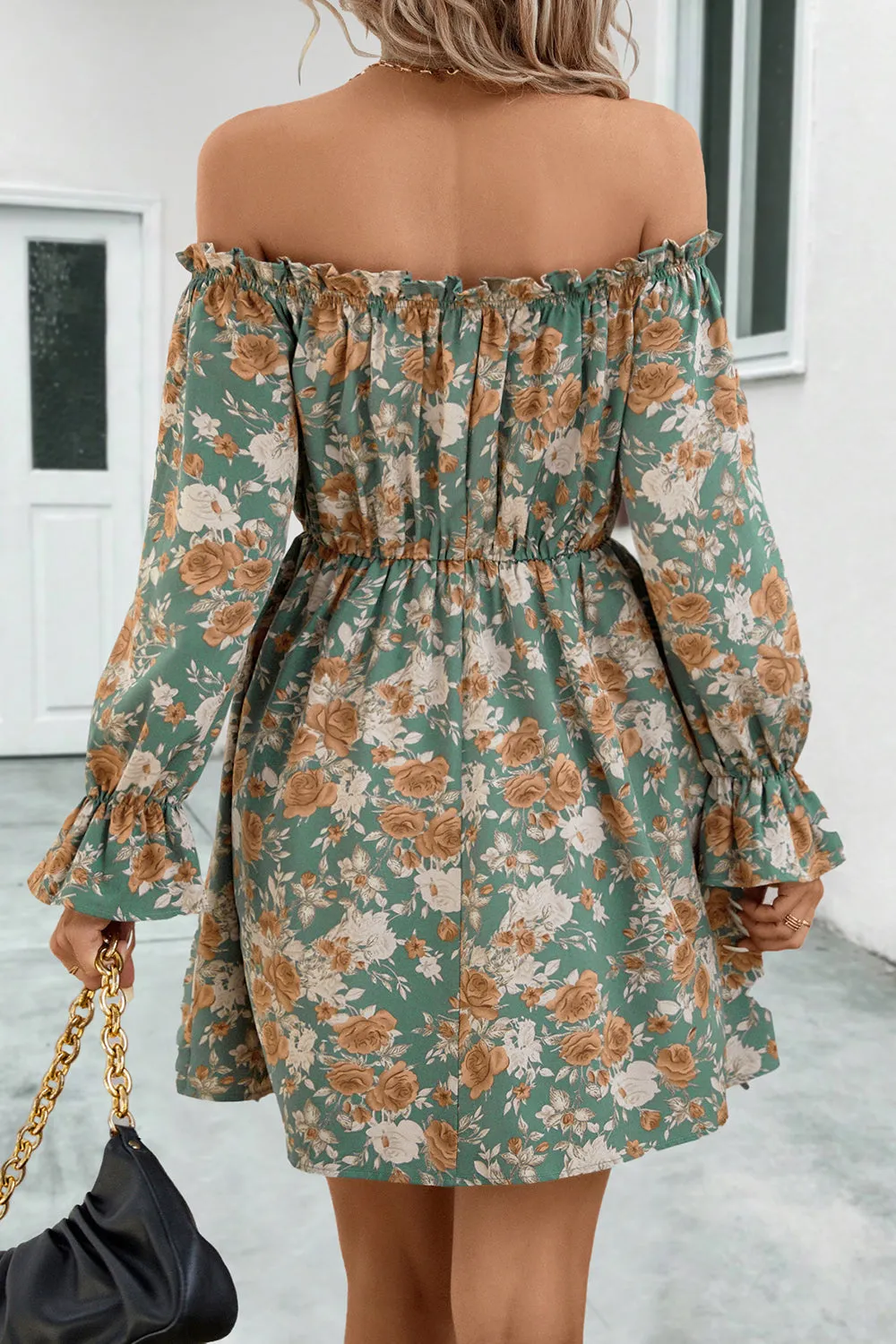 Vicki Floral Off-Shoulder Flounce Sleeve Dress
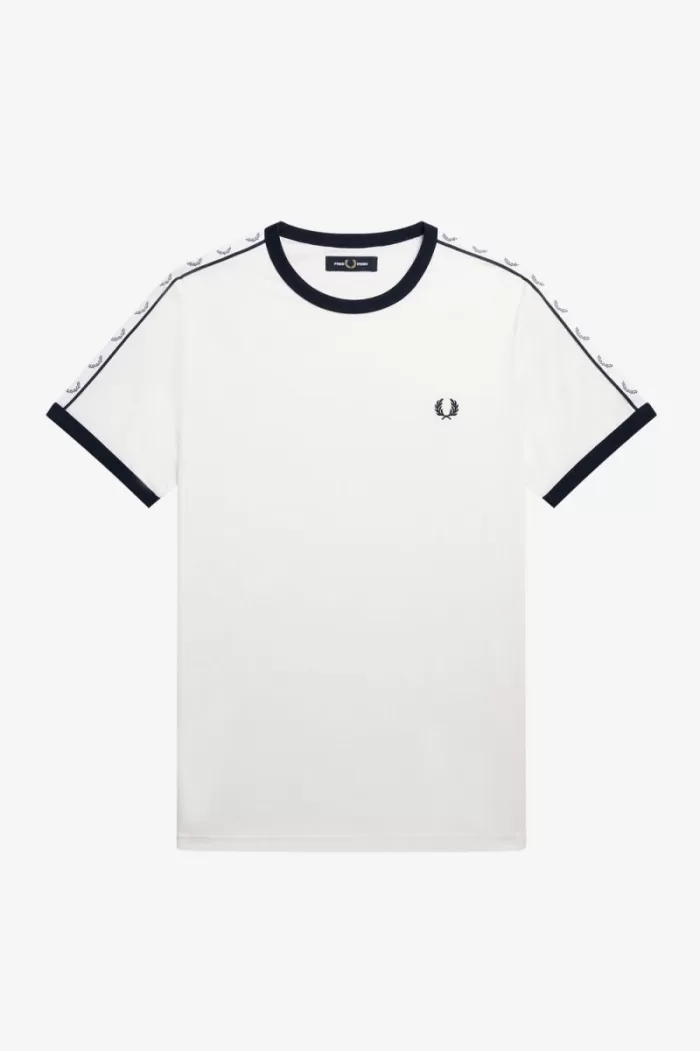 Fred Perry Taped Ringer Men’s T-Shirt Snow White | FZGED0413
--
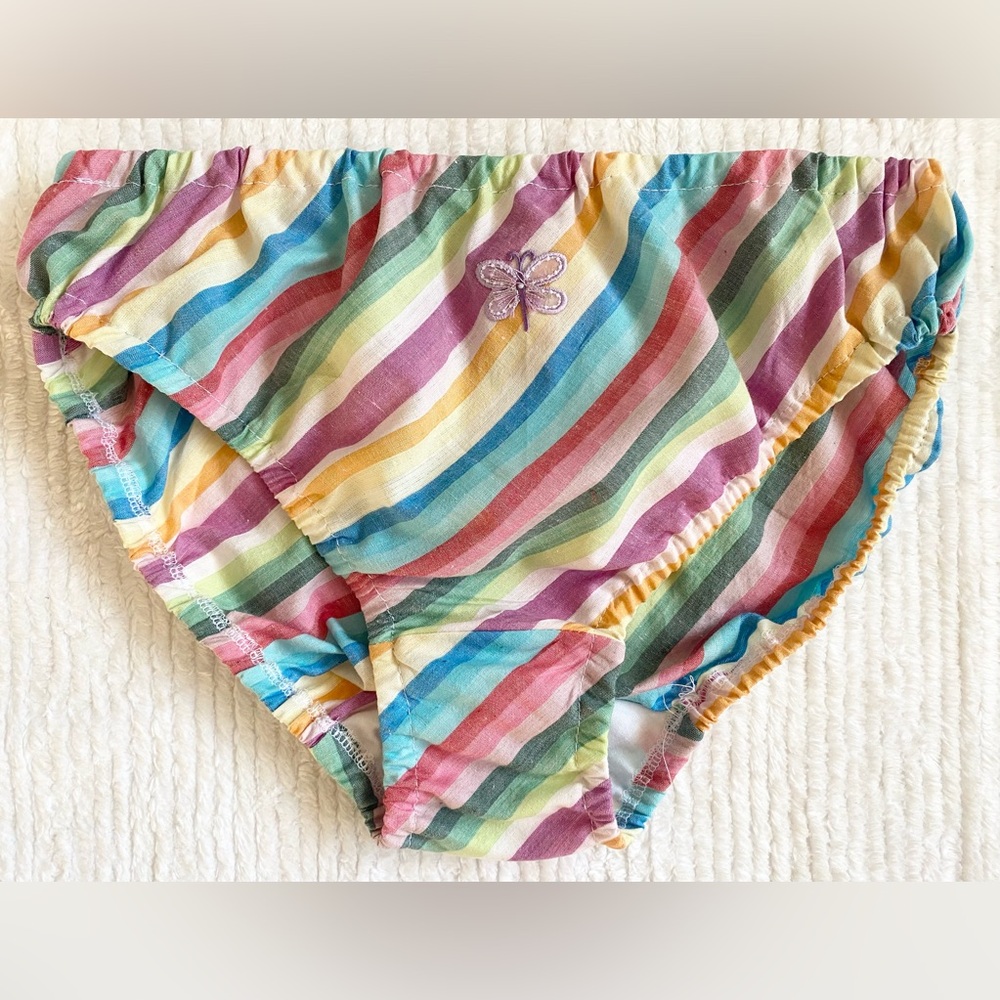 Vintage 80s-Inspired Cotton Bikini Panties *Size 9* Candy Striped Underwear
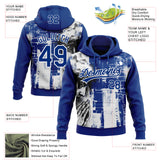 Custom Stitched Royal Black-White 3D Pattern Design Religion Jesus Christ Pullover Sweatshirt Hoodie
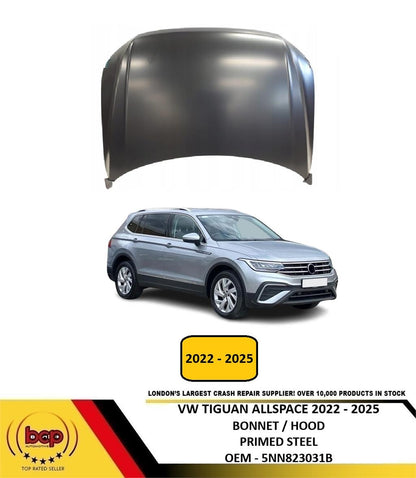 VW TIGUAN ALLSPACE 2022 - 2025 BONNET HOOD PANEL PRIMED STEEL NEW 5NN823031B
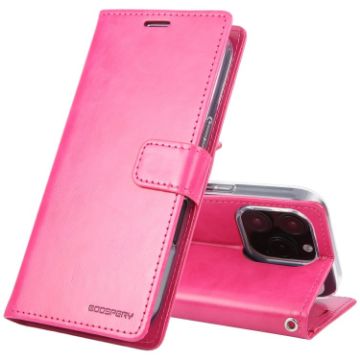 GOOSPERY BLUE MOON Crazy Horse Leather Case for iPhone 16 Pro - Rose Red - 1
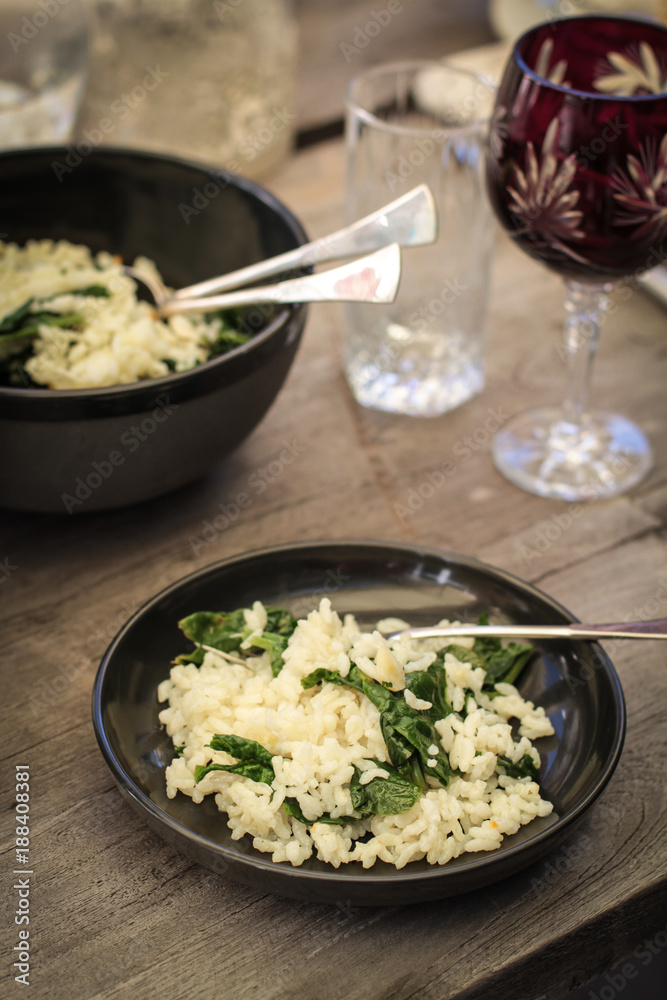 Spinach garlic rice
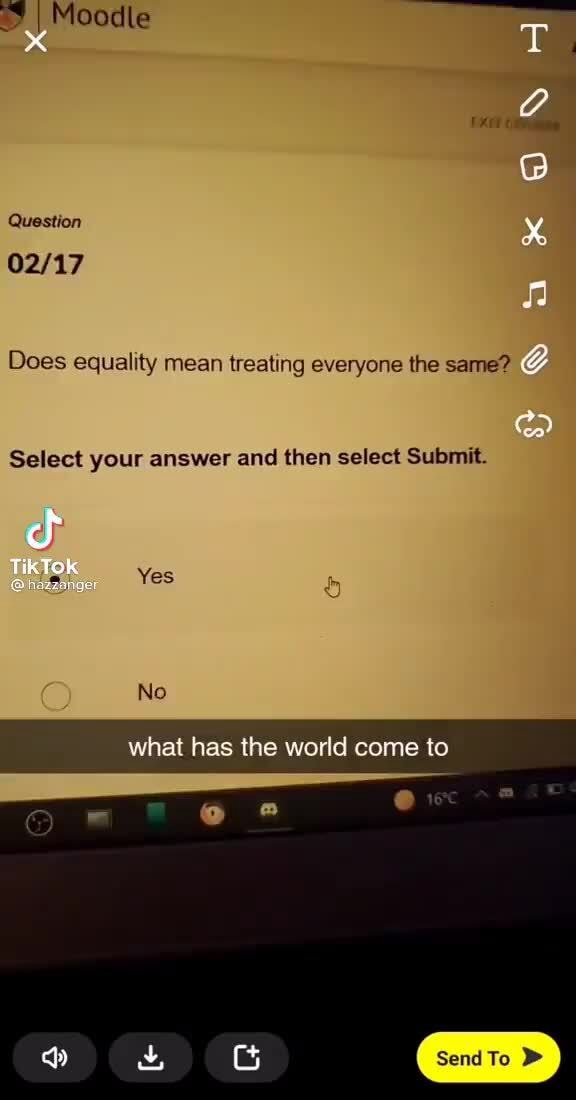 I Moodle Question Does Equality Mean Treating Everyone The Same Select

Your instructions: A verbatim reproduction is expected: starting at the line above that has "Vicki Floral Off-Shoulder", ending at the line that has "Fred Perry Taped", both included, and with no pictures and no other lines.

Solution to this exercise:
 Vicki Floral Off-Shoulder Flounce Sleeve Dress
 Fred Perry Taped Ringer Men’s T-Shirt Snow White | FZGED0413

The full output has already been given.